Why you don't need to be defined by your past

10:48 am Wendy van Eyck 0 Comments

A thief is only there to steal and kill and destroy. I came so they can have real and eternal life, more and better life than they ever dreamed of. John 10:10 (MSG)

It’s strange to think that two years ago, Xylon was ending a month of isolation in hospital after his stem cell transplant. 

I remember how throughout that time I felt so helpless. 

Every day I would leave him alone in the hospital.
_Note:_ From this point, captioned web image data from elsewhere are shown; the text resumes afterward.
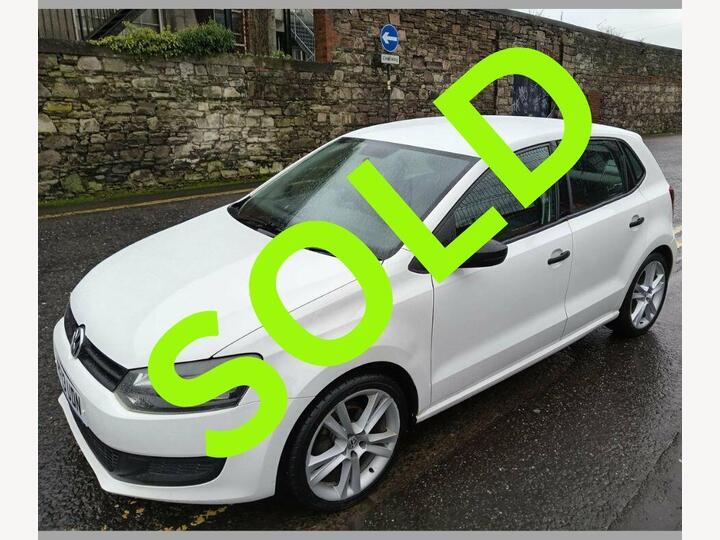 Volkswagen Polo 1.2 S Euro 5 5dr (A/C)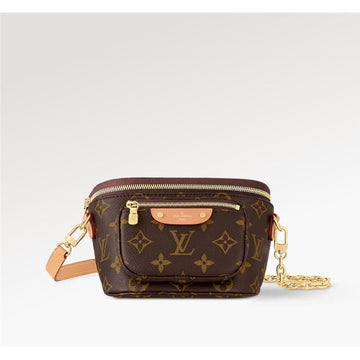 LOUIS VUITTON Mini Bum Bag Crossbody Tasche M82335 78824165
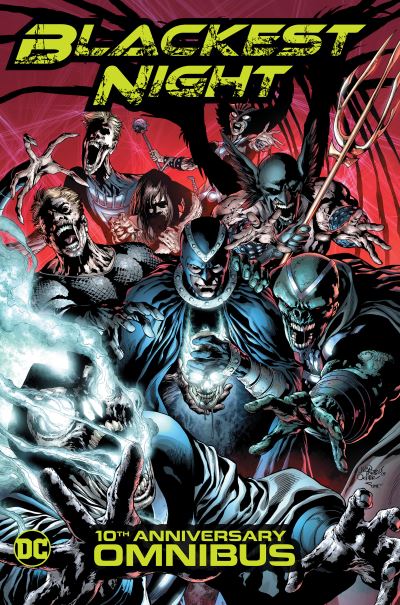 Blackest Night 10th Anniversary Omnibus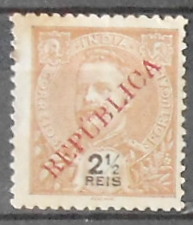 Timbres · Inde Portugaise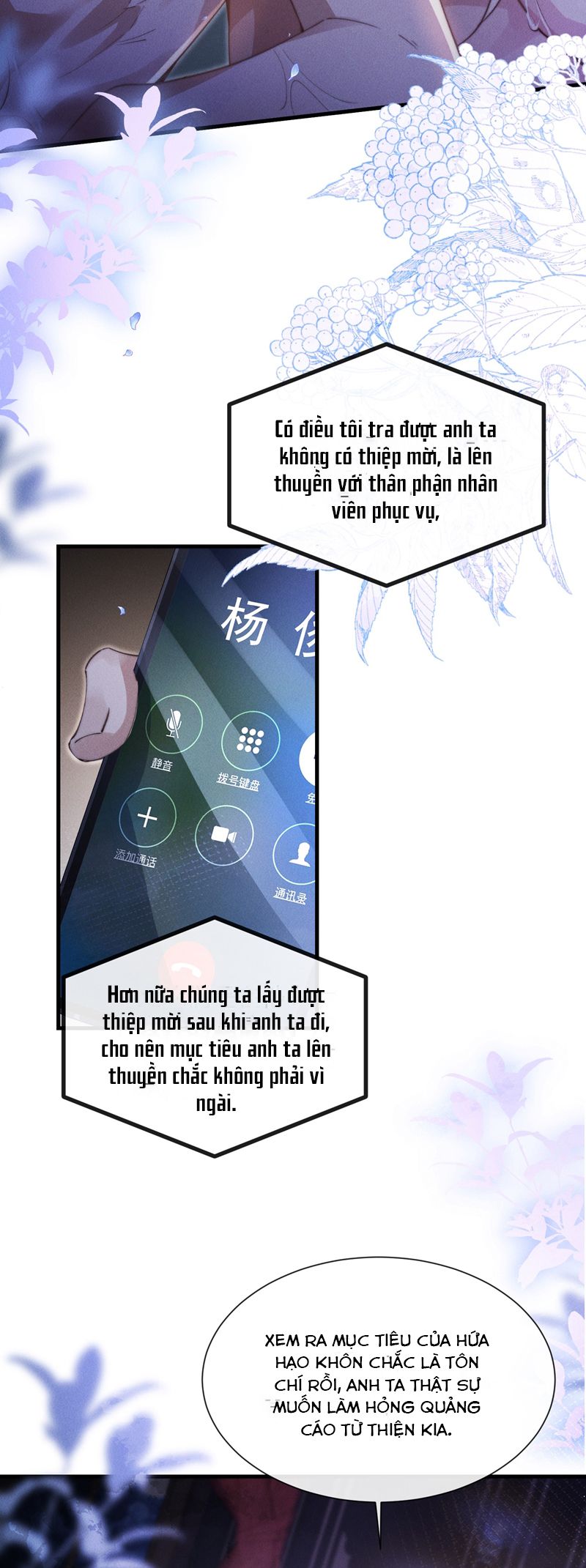 Kế Hoạch Tự Dưỡng Cuồng Khuyển Chapter 34 - Trang 2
Lately, as Xylon and I went through the scare of possible recurrence (that turned out to be nothing) I’ve been thinking of those times. 

And I’ve been thinking of this verse I memorized in my childhood:
“Cancer comes only to steal and destroy but I have come to so that you can have life, real and eternal life, more and better life then you have ever dreamed of.”

Okay, the bible doesn’t say cancer, it says thief, but cancer sure feels a lot like a cat burglar who takes what it wants and leaves destruction.

What I like about this verse is that it doesn’t end with the thief. 

The words that come immediately after promise that Jesus has come so that we may life, and a better life than we ever dreamed of.

Every time I read these words hope shines through.

In this world, our troubles and sufferings might win but in God’s realm our story always ends with life.

Jesus wants you to know life as he imagined it. (tweet this)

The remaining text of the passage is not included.